§ **Data below**:
****************
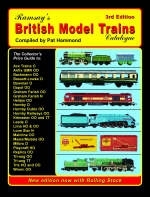 British Model Trains Catalogue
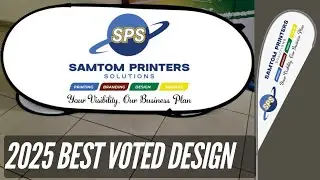 TOP NOTCH DESIGNER AND BRANDING IN 2025 FOR YOUR BUSINESS & EVENTS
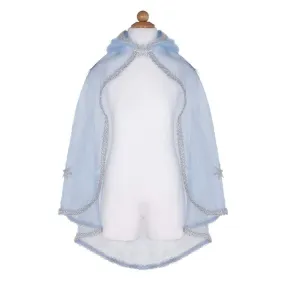 Ice Crystal Queen Cape - Size 3-4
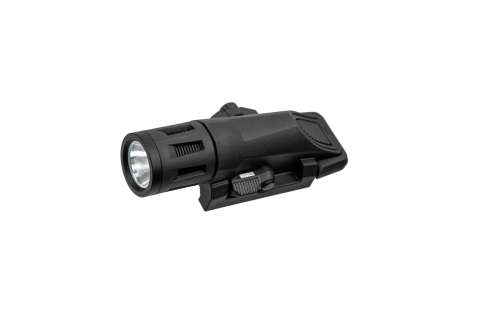 Ліхтарик для шолому INFORCE WML, Black Body, Primary LED Gen2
****************
§ **Task instructions**: The copy must begin with the line containing "Ice Crystal Queen Cape - Size 3-4", end with the last line of the material, match each line exactly, and hold no pictures.

§ **Solution**:
 Ice Crystal Queen Cape - Size 3-4
 Ліхтарик для шолому INFORCE WML, Black Body, Primary LED Gen2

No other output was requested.